映画評「散り行く花」

原題「BROKEN BLOSSOMS」 製作国アメリ
D・W・グリフィス・プロダクションズ、パラマウント・ピクチャーズ製作
ユナイテッド・アーティスツ配給
製作・監督・脚本D・W・グリフィス 出演リリアン・ギッシュ リチャード・バーセルメス

 D・W・グリフィスは「イントレランス」の興行的失敗によって、多額の借金を背負った。借金の返済のために、パラマウントのアドルフ・ズーカーに雇われて監督しながらも、グリフィスは死んではいなかった。チャップリン、フェアバンクス、ピックフォードと、製作者主導の会社「ユナイテッド・アーティスツ」を設立したことからも、グリフィスの映画への情熱が消えていなかったことがわかる。そして、「散り行く花」では、グリフィスの映画監督としての腕前が衰えてしまったわけではないことがわかる。

 舞台はロンドン。スラムに住む、仏教の平和的な教えを西洋に教えることをかつて夢見ていた中国人青年は、夢破れて今では雑貨屋を営んでいる。一方、父親の暴力に笑顔を忘れた1人の少女がいる。あるとき、父親に鞭打たれた少女は中国人青年の前で倒れてしまう。手厚く看病する中国人は少女を愛するようになり、少女はこれまで味わったことのない安楽を見出すのだが・・・。

 ストーリーはわかりやすい。単純なメロドラマといってしまえばそれまでだ。しかし、幼児虐待や人種差別といった社会的な問題を含んだストーリーは、単純なメロドラマとはなっていない。グリフィスは簡潔に、極めて簡潔にストーリーを語ることによって、「散り行く花」の持つストーリーの力強さを映像に焼き付けることに成功している。

 セットで組み立てられたというロンドンの街並みにはリアリティがある。セットは限られており、空間的な広がりは感じられないが、そのことが逆に狭い世界の物語である「散り行く花」にはしっくりとくる。

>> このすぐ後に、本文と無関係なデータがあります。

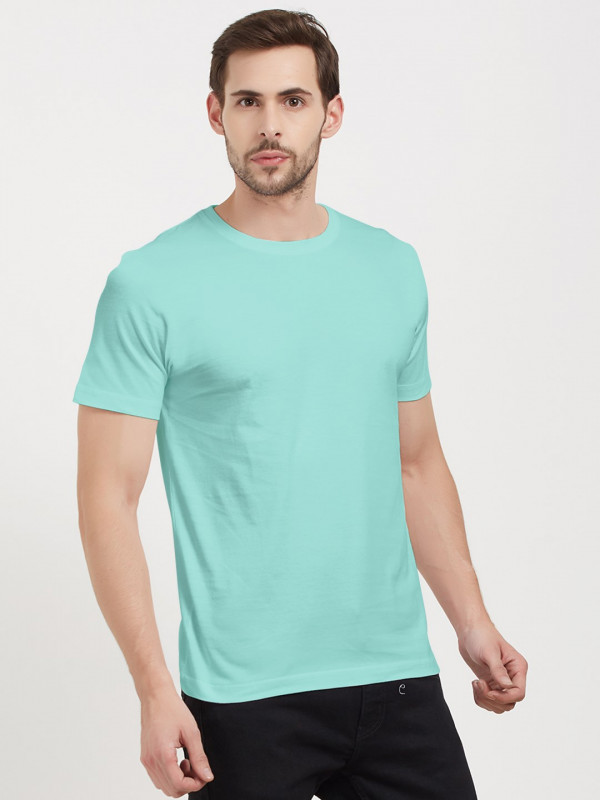 Mint T-shirt | Redwolf Basics | Redwolf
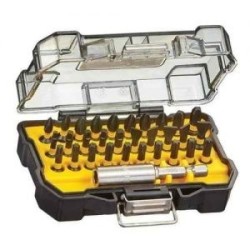 Juego de 31 puntas DeWalt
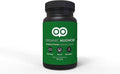 Organic Mugwort Capsules 450 mg - 90 Capsules - Vegan - By Dream Leaf - Made in USA - Mood Dreaming Relaxation Digestion - Mugwort As Artemisa Annua)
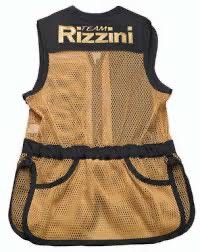 Rizzini skytevest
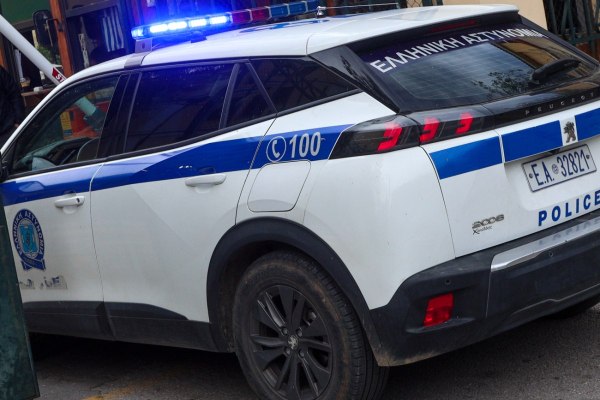 Ξάνθη: Αστυνομικός εκτός υπηρεσίας απήγαγε και ξυλοκόπησε άγρια 40χρονο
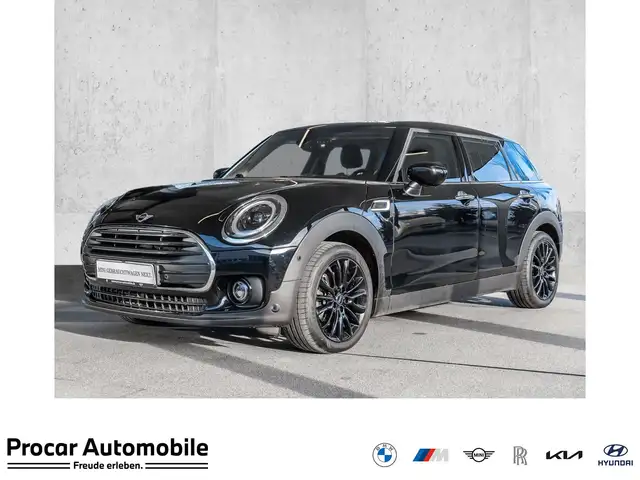 MINI Cooper Clubman (ab 2019) HUD PANO RFK NAVI LED
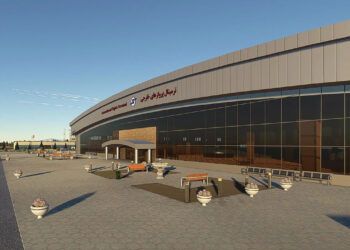 Microsoft Flight Simulator OIFM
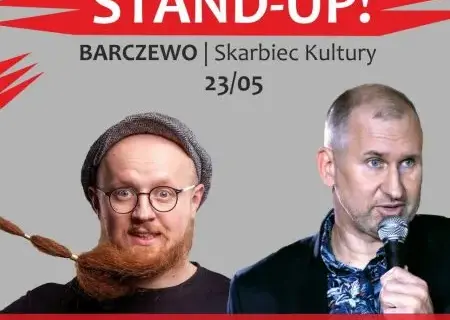 Fiedorczuk stand up: odkryj jego unikalny styl i występy komediowe
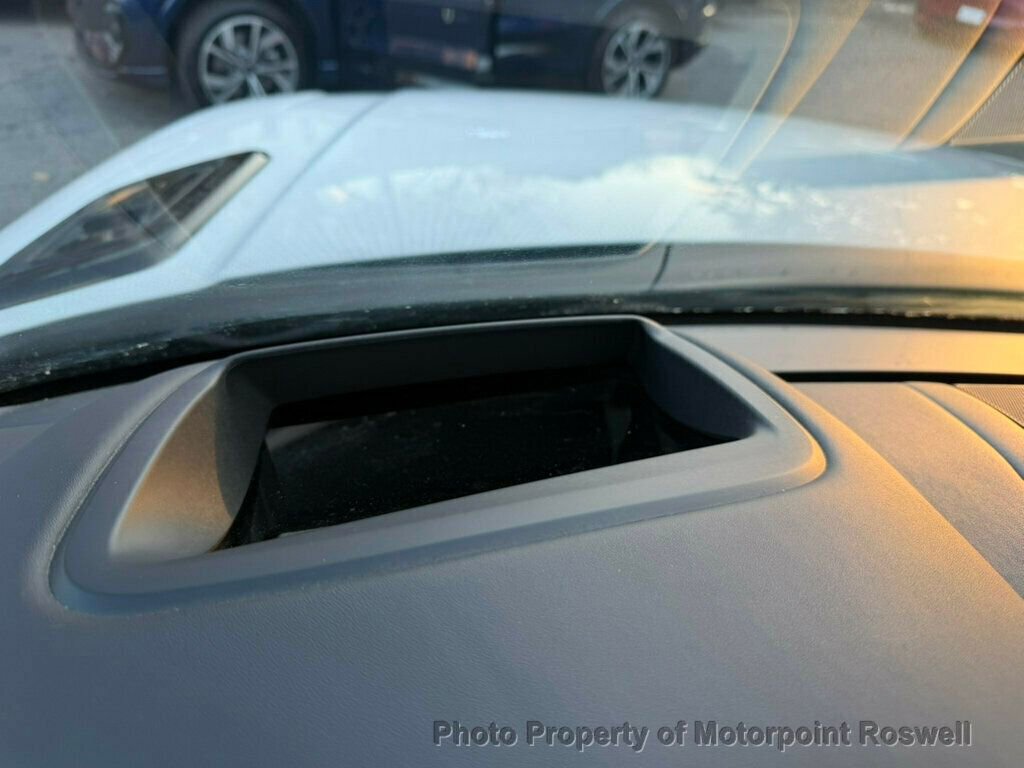 Used 2020 Land Rover Range Rover Sport SVR image 17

 少女のルーシーを演じたリリアン・ギッシュが素晴らしい。「国民の創生」(1915)や「世界の心」(197)に出演していたギッシュは、パーツの一部という印象を受けた。しかし、「散り行く花」の成功はギッシュなくしては考えられない。父親に「笑え!」と命令され、指でVサインを作って口の端を持ち上げて笑顔を作るシーンは、ギッシュの即興をグリフィスが採用したという。この即興がなければ、死に行くルーシーが「残酷だった世界に」笑顔を残すシーンもなかったことだろう。だが、そのことよりも私の胸を打ったのは、この笑顔をつくシーンでのギッシュの演技の素晴らしさだ。口元は笑顔の形になっているが、その表情は悲しい。悲しすぎるほど悲しい。アイデアだけではいいシーンにはならない。それを実行できる女優がいなければ、すなわちリリアン・ギッシュがいなければ、アイデアも無に帰していたことだろう。ルーシーがクローゼットに逃げ込み、父親が斧でドアを破るシーンでの、ギッシュの怯える演技の素晴らしさに説明は不要だ(このシーンは「シャイニング」(1980)を思わせる。どちらも、怯える女優の演技が素晴らしい)。

 ギッシュは当初、20歳を超えており、少女役での出演を渋ったという。グリフィスの説得によって出演を決めたらしいが、ギッシュが出てくれて本当に良かった。グリフィスは後年、ロンドンで「散り行く花」のリメイクを撮影しようとするが、実現しなかった(映画は別の監督で完成している)。このとき、グリフィスは計画がうまく進んでいなかったことに飲酒も手伝って、ギッシュに「今すぐここに来てくれ!!」という電話をかけたという。このせつないエピソードも「散り行く花」のギッシュの素晴らしい演技があってこそだ。

 「散り行く花」においては、ギッシュの演技の功績が最も大きいとしても、グリフィスのテクニックも貢献している。グリフィスが映画話法として完成させたというクロース・アップも、「散り行く花」では大胆なまでに役者の顔に近づくことで、ルーシーの心理を表現することに成功している。

 「散り行く花」には原作があり、原作では中国人青年とルーシーの描写はもっと性的だったというが、映画ではあまり描かれていない。これは、「永遠の処女」を描き続けてきたグリフィスの意向が強いものと思われるが、それよりも大事なことは、その変更が「散り行く花」のストーリーにしっくりくるように思えることだ。暴力的な父親の圧倒的な支配によって生きてきたルーシーにとっては、人の優しさに触れることは初めてだっただろうし、人を愛するということがどういうものかはわからなかったことだろう。そんなルーシーと中国人青年の間に性的な要素が入り込むには、まだ早すぎるのだ。もし、ルーシーとチェンがこの先、もっとお互いを知る時間があれば、そうなったであろうに・・・という予感程度が、「散り行く花」にはしっくりとくる。ただし、中国人青年がルーシーに性的な意味合いで思いを寄せていると思わしきシーンは多々ある。特に、中国人青年がルーシーに近寄るときに極端なクロースアップとなり、ルーシーが怯える。結局中国人青年は何もせずに、「青年の純粋な愛は誰もが認めるところだった」という字幕がわざわざ入る展開は、中国人青年が性的な思いを抑えているということを示しているように思えた。

 それにしても、「散り行く花」のストーリーは悲しい。父親の暴力に苦しむ子供が登場する映画は他にもあるが、「散り行く花」は暴力によって最終的には殺されてしまうのだ。死に至るまでの虐待を描いた作品はそれほど数多くはない。その意味で、「散り行く花」のストーリーの絶望的なまでの悲劇性は現在の視点から見ても特筆すべきものだ。

 「散り行く花」はなるべくグリフィスから離れてみるべきものだろう。「国民の創生」や「イントレランス」ほど、グリフィスの刻印は深く刻まれた作品ではないからだ。それよりも、何気なく見て、ギッシュの素晴らしい演技や、信じられないほど絶望的なストーリーを味わうことができれば、「散り行く花」の本領を味わえることだろう。